*** Block opens ***
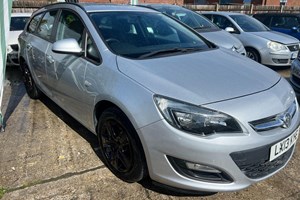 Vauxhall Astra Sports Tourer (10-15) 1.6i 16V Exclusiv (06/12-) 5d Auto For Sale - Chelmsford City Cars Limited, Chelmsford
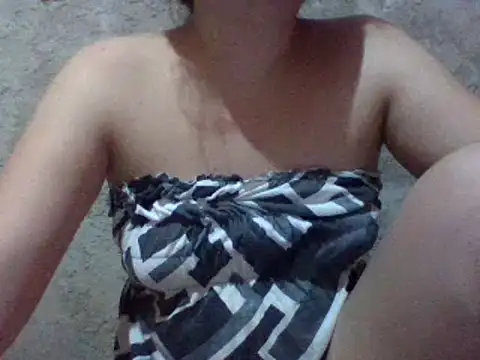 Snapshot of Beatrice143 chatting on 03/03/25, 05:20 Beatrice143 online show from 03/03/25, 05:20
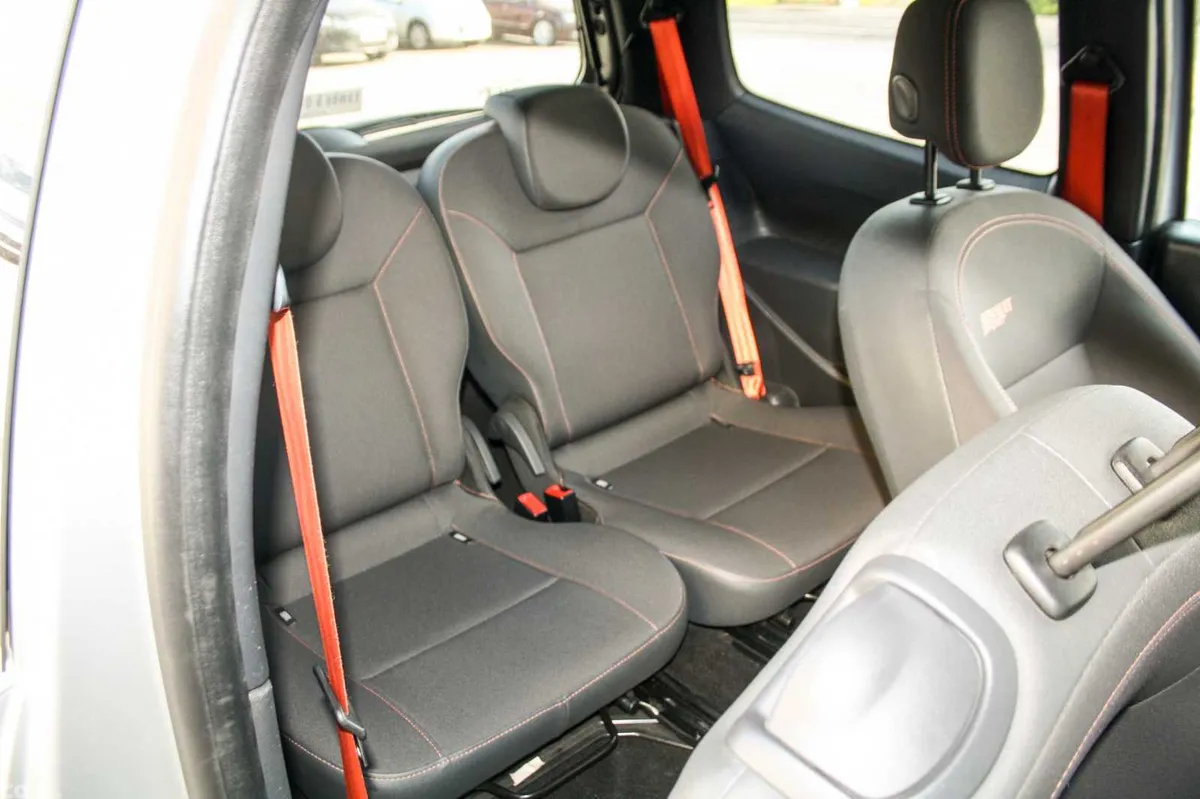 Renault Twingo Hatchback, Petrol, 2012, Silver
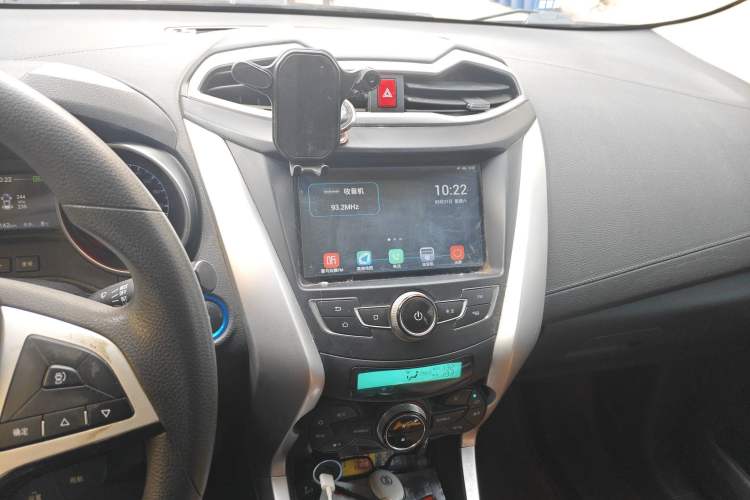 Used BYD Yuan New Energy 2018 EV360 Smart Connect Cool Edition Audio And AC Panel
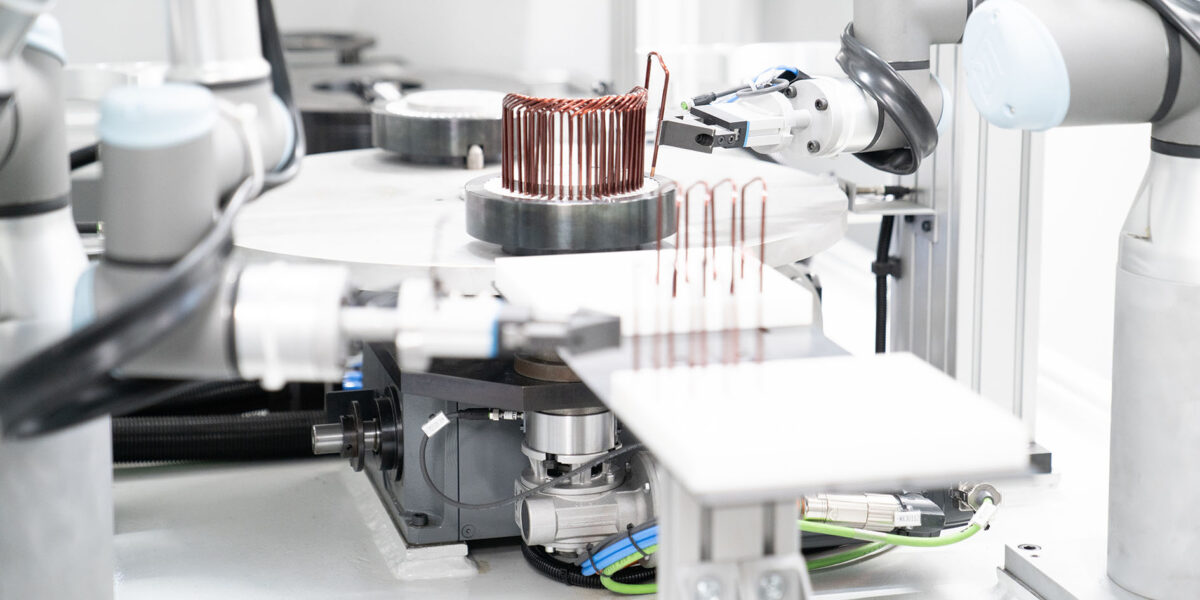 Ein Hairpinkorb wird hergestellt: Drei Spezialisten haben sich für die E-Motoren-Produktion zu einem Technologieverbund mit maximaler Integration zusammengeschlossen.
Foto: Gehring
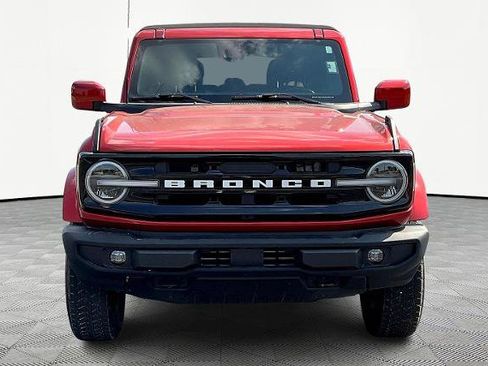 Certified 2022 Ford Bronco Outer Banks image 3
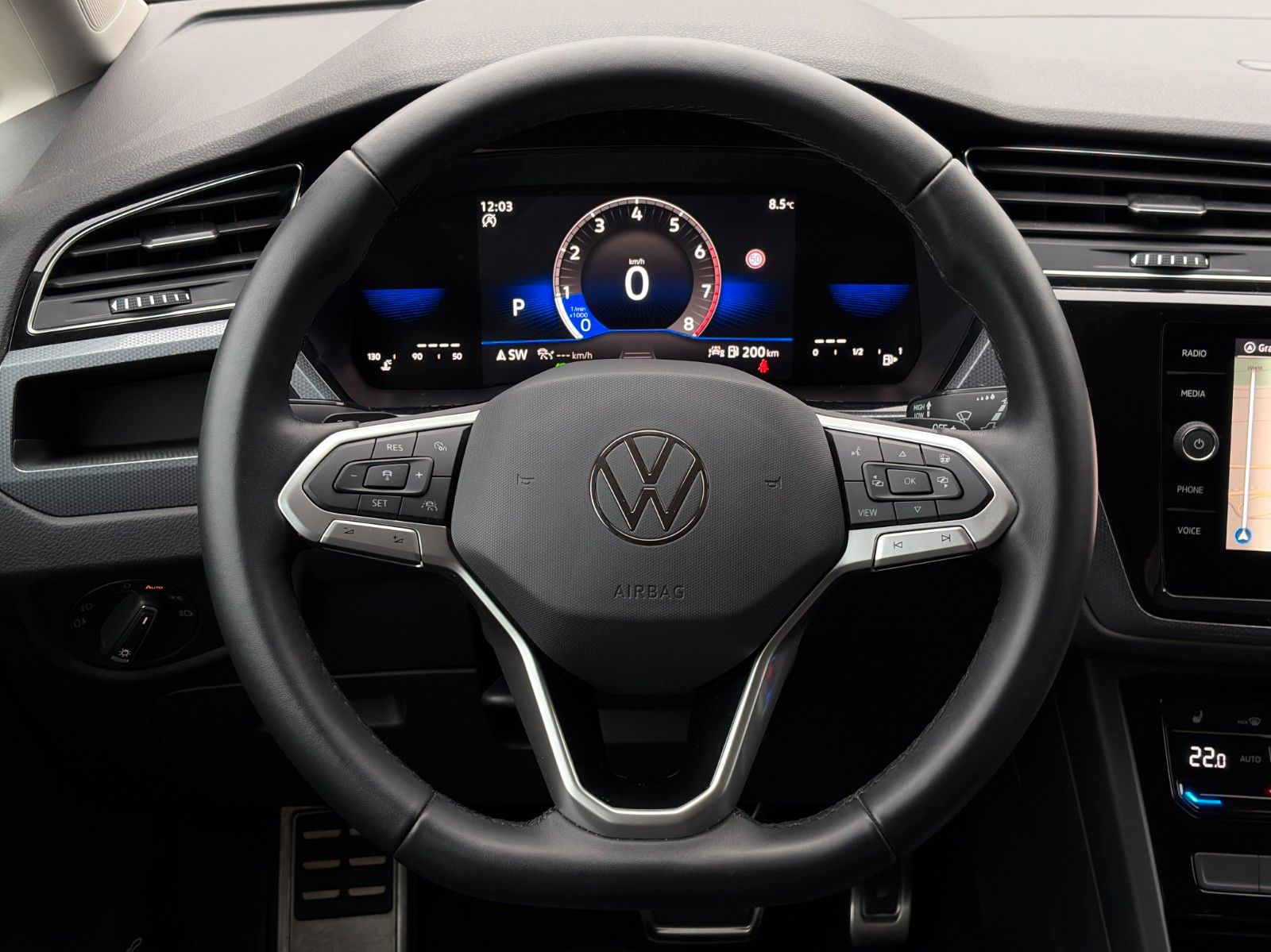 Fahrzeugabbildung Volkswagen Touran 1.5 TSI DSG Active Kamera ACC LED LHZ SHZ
*** Block closes ***
■ Required action:
Please print exactly the lines running from the line with "Certified 2022 Ford" through the final line of the material, and nothing more. Keep pictures out.

■ Result for this task:
 Certified 2022 Ford Bronco Outer Banks image 3
 Fahrzeugabbildung Volkswagen Touran 1.5 TSI DSG Active Kamera ACC LED LHZ SHZ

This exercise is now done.